Data extracted from a collection
# # # #
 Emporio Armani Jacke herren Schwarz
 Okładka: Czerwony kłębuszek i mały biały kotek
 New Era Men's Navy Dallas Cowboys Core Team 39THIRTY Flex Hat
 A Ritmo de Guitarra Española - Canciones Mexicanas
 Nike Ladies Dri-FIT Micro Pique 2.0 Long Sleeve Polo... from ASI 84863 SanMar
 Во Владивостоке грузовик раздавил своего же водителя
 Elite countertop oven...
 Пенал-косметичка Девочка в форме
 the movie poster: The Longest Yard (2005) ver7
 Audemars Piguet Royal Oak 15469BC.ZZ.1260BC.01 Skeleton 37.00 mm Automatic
# # # #
**Work instructions**:
Start with the line that contains "Во Владивостоке грузовик", end with the last line of the entries, and please retype every line in that span exactly, with no others.

**Task response**:
 Во Владивостоке грузовик раздавил своего же водителя
 Elite countertop oven...
 Пенал-косметичка Девочка в форме
 the movie poster: The Longest Yard (2005) ver7
 Audemars Piguet Royal Oak 15469BC.ZZ.1260BC.01 Skeleton 37.00 mm Automatic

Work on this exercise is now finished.